As part of the alleged Facebook hack, the UCC has circulated photoshopped pictures that show Zuckerberg on his knees while wearing an orange jumpsuit as he is beheaded by a black-clad terrorist.
The picture, an apparent threat, also included Facebook’s logo with the word “hacked” written across it and contained the message: “Go to hell, Mark.”
“We assume that ISIS is targeting Facebook to retaliate against its measures to censor pro-ISIS content and groups, and on [a] more general level because Facebook is seen as a Western symbol,” Sixgill said in a statement to the Daily Star.
Aside from Facebook, the UCC has also targeted a number of other websites — at least some of which are government-run in Asian countries — with denial of service attacks that overwhelm them with manufactured traffic and force them offline.
In all, the UCC has claimed to be responsible for the alleged hacking of some 213 websites and proudly claimed to be responsible for forcing upwards of 520 websites to go down by virtue of their cyber attacks.
The UCC has also taken a special interest in threatening the mysterious online hacktivist group “Anonymous” — which has long been opposed to ISIS — with threats along the lines of, “this is what happens if you continue to challenge us.”
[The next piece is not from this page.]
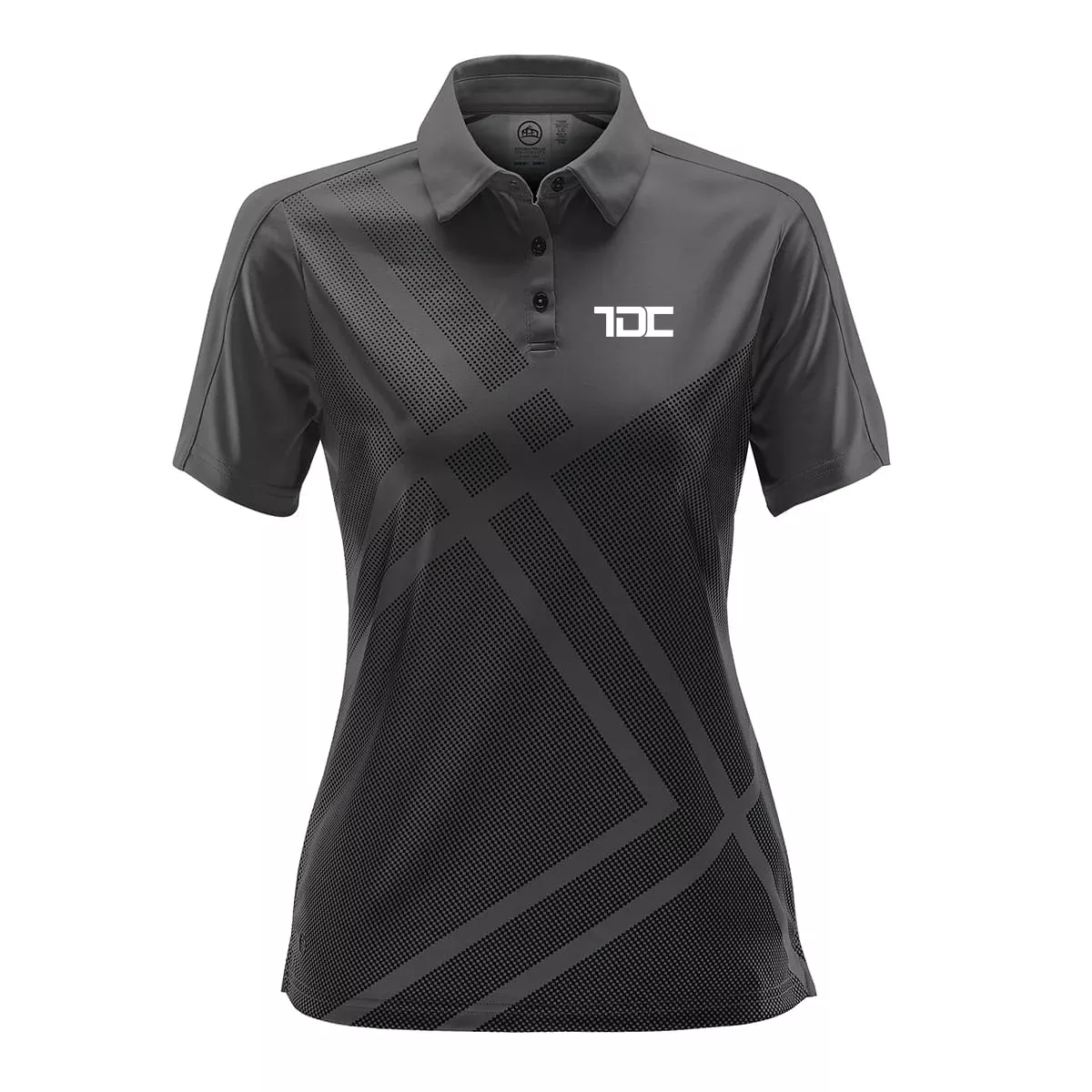 Stormtech Women's Reflex Polo, Printed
The Islamic State group may have been all but defeated militarily on the battlefields of the Middle East, but they appear to still pose a threat online, and are most likely attempting to encourage their devoted followers around the globe to carry on their apocalyptic fight in small but deadly terror attacks and assassination attempts.
Hopefully, nothing comes of the cyber attacks, and this scourge of sadistic radical Islamism will soon be wiped from the face of the Earth.